* EXERCISE GOAL *
In the entries below, which lines run from the one containing "Square Cotton Cushion" to the one containing "Two green USB"? Copy exactly those lines, ends included, and no others.

[Collection entries]

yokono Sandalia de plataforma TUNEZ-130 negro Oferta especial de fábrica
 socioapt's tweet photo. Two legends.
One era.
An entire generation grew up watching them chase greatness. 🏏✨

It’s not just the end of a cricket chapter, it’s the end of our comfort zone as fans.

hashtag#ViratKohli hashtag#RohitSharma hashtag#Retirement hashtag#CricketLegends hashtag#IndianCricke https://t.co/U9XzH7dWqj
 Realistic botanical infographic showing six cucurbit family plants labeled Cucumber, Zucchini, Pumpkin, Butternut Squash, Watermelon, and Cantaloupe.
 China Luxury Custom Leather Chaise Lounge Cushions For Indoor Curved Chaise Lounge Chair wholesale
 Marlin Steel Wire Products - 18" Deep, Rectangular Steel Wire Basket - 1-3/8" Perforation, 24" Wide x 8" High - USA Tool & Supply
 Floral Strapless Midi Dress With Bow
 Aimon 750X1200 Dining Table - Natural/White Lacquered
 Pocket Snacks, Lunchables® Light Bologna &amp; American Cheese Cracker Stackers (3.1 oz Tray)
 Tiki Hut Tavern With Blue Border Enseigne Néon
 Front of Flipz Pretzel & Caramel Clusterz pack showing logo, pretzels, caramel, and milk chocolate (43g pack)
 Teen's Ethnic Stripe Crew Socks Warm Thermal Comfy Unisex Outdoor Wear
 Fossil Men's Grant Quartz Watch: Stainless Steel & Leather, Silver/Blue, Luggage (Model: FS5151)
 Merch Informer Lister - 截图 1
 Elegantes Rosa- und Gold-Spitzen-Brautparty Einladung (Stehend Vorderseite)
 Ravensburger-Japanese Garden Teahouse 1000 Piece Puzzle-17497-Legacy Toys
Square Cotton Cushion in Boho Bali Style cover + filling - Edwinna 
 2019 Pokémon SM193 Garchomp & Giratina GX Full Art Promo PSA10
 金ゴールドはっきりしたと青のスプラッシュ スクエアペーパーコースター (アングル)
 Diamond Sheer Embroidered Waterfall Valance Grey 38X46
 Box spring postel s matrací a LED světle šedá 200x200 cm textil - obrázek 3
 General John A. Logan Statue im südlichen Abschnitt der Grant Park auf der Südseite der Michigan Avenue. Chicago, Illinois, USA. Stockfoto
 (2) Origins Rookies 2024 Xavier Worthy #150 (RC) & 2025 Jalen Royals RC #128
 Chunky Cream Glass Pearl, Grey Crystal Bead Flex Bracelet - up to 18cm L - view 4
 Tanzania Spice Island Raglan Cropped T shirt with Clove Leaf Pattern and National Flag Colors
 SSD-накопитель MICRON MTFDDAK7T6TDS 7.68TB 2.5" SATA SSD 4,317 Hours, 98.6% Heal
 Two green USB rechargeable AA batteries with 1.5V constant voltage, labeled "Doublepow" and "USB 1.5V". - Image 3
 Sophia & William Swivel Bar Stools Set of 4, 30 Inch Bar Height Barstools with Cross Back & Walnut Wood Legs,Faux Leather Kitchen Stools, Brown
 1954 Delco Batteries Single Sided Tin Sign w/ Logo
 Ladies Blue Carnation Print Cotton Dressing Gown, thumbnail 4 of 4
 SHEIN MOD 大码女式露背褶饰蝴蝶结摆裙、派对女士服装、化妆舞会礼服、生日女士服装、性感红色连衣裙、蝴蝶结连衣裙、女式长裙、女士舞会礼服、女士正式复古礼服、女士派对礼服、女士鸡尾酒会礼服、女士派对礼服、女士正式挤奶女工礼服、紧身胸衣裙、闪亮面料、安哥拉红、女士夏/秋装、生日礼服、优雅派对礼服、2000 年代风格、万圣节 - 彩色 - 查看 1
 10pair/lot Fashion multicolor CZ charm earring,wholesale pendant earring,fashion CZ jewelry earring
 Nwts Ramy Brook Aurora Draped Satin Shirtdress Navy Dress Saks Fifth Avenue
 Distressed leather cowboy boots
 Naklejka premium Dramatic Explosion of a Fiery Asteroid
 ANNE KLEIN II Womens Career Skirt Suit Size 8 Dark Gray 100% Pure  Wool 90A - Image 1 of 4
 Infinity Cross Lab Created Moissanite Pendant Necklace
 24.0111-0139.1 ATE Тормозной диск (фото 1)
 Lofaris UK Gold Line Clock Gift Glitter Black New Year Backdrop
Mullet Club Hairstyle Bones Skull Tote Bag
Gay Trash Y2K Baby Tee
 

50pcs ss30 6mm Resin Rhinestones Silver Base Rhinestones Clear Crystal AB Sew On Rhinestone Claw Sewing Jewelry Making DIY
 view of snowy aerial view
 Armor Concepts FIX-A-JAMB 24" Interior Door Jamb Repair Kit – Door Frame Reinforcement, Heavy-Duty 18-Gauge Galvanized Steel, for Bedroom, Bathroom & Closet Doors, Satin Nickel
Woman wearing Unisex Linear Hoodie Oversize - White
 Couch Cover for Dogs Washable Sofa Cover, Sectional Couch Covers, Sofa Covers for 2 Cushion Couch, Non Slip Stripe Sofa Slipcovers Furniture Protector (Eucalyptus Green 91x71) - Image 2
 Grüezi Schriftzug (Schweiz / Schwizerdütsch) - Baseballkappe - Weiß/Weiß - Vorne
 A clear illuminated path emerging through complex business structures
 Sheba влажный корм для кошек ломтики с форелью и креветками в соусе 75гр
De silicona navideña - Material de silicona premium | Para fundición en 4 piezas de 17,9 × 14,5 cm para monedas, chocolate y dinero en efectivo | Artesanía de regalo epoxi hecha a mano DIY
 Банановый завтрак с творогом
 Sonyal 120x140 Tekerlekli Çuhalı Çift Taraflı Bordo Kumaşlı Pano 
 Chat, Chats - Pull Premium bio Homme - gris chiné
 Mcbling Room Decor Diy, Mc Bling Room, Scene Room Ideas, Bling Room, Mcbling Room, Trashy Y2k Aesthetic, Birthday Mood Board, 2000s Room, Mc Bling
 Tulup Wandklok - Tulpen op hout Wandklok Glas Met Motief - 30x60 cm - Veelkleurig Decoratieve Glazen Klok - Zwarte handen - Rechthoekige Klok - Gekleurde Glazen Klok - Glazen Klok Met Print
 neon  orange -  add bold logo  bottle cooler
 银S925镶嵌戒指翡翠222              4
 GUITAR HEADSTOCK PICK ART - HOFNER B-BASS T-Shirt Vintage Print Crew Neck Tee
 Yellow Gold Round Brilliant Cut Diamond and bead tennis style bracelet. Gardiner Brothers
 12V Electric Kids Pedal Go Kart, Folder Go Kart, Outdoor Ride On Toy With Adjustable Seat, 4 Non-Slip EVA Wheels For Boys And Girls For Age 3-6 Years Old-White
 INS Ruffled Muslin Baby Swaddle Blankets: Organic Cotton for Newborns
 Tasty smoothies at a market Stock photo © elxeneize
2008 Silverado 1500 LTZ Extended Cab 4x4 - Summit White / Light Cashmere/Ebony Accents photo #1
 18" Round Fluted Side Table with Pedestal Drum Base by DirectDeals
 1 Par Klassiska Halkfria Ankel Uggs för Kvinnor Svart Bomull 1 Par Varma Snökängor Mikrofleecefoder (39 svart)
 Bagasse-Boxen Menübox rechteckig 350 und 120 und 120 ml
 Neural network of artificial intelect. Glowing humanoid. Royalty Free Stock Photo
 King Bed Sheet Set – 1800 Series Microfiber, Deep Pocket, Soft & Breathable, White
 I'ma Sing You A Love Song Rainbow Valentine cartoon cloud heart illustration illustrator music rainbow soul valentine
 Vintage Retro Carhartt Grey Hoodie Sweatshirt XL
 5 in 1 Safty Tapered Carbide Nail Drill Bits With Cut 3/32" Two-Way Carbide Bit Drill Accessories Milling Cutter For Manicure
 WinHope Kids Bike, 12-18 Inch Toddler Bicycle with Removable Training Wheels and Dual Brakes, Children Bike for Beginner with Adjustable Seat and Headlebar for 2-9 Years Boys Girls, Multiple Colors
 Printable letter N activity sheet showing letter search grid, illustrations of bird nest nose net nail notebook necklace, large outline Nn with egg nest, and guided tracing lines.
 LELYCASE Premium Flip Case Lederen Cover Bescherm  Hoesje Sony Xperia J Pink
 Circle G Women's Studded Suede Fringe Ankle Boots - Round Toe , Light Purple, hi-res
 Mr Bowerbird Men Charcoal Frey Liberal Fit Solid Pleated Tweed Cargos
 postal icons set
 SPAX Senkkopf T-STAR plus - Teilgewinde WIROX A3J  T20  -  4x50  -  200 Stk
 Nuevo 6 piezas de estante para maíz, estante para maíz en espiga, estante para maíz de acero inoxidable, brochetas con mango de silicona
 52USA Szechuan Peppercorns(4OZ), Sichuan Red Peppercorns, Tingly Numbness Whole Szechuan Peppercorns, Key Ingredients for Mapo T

* ANSWER SECTION *
Square Cotton Cushion in Boho Bali Style cover + filling - Edwinna 
 2019 Pokémon SM193 Garchomp & Giratina GX Full Art Promo PSA10
 金ゴールドはっきりしたと青のスプラッシュ スクエアペーパーコースター (アングル)
 Diamond Sheer Embroidered Waterfall Valance Grey 38X46
 Box spring postel s matrací a LED světle šedá 200x200 cm textil - obrázek 3
 General John A. Logan Statue im südlichen Abschnitt der Grant Park auf der Südseite der Michigan Avenue. Chicago, Illinois, USA. Stockfoto
 (2) Origins Rookies 2024 Xavier Worthy #150 (RC) & 2025 Jalen Royals RC #128
 Chunky Cream Glass Pearl, Grey Crystal Bead Flex Bracelet - up to 18cm L - view 4
 Tanzania Spice Island Raglan Cropped T shirt with Clove Leaf Pattern and National Flag Colors
 SSD-накопитель MICRON MTFDDAK7T6TDS 7.68TB 2.5" SATA SSD 4,317 Hours, 98.6% Heal
 Two green USB rechargeable AA batteries with 1.5V constant voltage, labeled "Doublepow" and "USB 1.5V". - Image 3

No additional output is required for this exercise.